After the class, I approached him. “Sir, can I just write a paper about my memory of being someone or something else besides being a chair?” I did not really care about the points I would get. I just wanted to show him that I was not dumb, but I was just being real.

“How about you as a table?” he suggested. “You can explore your body as a Gregorian feast.” He naughtily laughed without knowing I was still a virgin— yes, never been touched.

I thought it was a good idea—combining physiology and gastronomy. I could write how I used to bake a lemon-ginger cupcake for my grandmother and make my grandfather a cup of coffee when I needed something or had a favor to ask, but I did not want to superfluously bring up my maternal grandparents’ names in class. I was very sensitive and protective when it concerned them; they raised and loved me as their own. Besides, I might choke up if Sir Prot would require me to read what I would write. One drama queen in front of us was enough. “If it’s alright, I can write about someone or something living,” I said. “A piece of furniture is just too lifeless for my volatile personality.” I made him think for awhile.

He looked funny when he slouched, crossed his arms, and tilted his neck, his way of saying that he was listening and that I should better make sense. Like a sergeant with rapid successive orders, he said “Okay. Ten sentences. Your memory as a fetus. Twelve noon tomorrow.” All fragments in that order. After expressing my gratitude, which he always loved to hear, he hurriedly left.

This was my story:

“On my sixth month in my mother’s womb, I completely developed and began to use all my senses including memory. I could smell wine when my father kissed my mother, and it smelled like the alcohol my mother diluted and used as vaginal wash that nearly burned my skin. I could feel my father’s touch when he whispered a wish on my mother’s bulging belly, but he always said he wanted a son, and I had no idea then what I was and what I had between my groins. I could see the flickering of the candle on my mother’s altar, as I wondered who those winged children and haloed men and women were. When she knelt down and rotated and fondled a string of beads, I could also hear her daily prayers, which were long, monotonous, tedious, and boring. During mass, she always swallowed something bland, which I thought was a tiny piece of white bread from the priest who said it was someone’s body and very holy, and I could not really say if I liked it. I could not wait to be born in a world where I could breathe air on my own and bathe under the yellows of the sun. I had been alone far too long in the womb, in the sea of blood, in the dark universe where tubes of flesh coiled and choked. When I was born a month later, they said I did not cry, so the local midwife had to slap my bottom. Why would I cry when the stars looked like millions of distant fireflies and the hammock moon did not have to sing me a lullaby? How could I cry when I was alone in the bare bamboo crib that cut my toes, my feet, my fingers, my hands, and nobody around could hear me asking why, why, why?”

Later, I got my paper back. No grade.

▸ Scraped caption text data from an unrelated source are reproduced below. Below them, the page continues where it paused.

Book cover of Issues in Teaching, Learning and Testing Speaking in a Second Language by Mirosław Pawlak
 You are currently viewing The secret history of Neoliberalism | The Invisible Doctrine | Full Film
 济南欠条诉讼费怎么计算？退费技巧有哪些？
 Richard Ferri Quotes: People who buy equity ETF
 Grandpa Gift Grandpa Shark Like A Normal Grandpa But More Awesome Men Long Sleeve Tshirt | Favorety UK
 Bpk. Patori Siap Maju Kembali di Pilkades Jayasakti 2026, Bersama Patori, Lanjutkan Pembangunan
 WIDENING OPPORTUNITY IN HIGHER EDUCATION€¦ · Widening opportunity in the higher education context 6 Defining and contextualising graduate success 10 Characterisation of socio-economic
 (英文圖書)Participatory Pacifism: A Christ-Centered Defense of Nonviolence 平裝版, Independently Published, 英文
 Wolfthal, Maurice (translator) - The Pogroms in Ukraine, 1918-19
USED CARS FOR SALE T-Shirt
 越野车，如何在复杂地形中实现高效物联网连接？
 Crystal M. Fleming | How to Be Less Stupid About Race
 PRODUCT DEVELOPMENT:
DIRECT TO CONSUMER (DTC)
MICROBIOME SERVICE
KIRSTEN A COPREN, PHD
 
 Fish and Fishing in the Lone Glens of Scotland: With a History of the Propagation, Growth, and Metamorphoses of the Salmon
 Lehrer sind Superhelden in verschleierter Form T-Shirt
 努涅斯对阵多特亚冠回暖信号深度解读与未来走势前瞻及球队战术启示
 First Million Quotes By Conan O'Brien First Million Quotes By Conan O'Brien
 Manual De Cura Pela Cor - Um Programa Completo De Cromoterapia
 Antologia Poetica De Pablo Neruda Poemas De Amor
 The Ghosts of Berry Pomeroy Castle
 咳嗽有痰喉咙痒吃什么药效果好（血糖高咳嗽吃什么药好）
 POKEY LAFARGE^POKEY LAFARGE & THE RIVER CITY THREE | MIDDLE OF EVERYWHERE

My professor scribbled red in the margin, “I prefer shorter sentences, but I think you should write.” I did listen to him that I should not be wasting my angst and pain. I shifted to creative writing, wishing someday I could share my longing, my entire story.

hillwalker
08-16-2010, 01:07 PM
This is good. You obviously made a good choice (I don't know if it was the right one - how well do you act?).

My only criticism would be that you spent too long 'deconstructing' Sir Prot. Paragraphs 6 and 7 do not engage the reader as faultlessly as the rest of the piece because in comparison your writing only seems to come alive when you tell us about yourself, your feelings and insecurities. Perhaps feeding us tidbits of background information about him would work better.

Also to be pedantic, a tiny point of grammar -

To make sure if it was I whom he wanted to stand and speak up

- 'whom' is an awkward word which often invites slip-ups. In this case 'I whom' should be replaced by just 'me' or 'me who' (the test is, did he want I to stand or did he want me to stand? - and 'whom' is also unnecessary, it normally replaces 'who' when that word is preceded by a preposition such as 'to' or 'with', for example, which is not the case here).

Otherwise, another very enjoyable excerpt. Perhaps you are trying too hard to bring larger-than-life 'characters' into the mix because you don't believe there is enough interesting material about yourself to justify your efforts.

H

miyako73
08-16-2010, 01:20 PM
Thanks, hillwalker. The dropping of names added to my insecurities in the story.

Sorry for the I and me confusion. I'm getting my Elements of Style now. hehehehe.

Thanks again.

miyako73
08-16-2010, 02:20 PM
hill, I have a question

is it me who or me whom?

in the sentence, "It was me who he wanted to stand and speak up", should it be whom?

I thought who is for I and whom is for me as in the cases below.

who wrote it? I wrote it.

Whom does she write it for? She writes it for me.

I'm confused. Help!

hillwalker
08-16-2010, 05:31 PM
in the sentence, "It was me who he wanted to stand and speak up", should it be whom?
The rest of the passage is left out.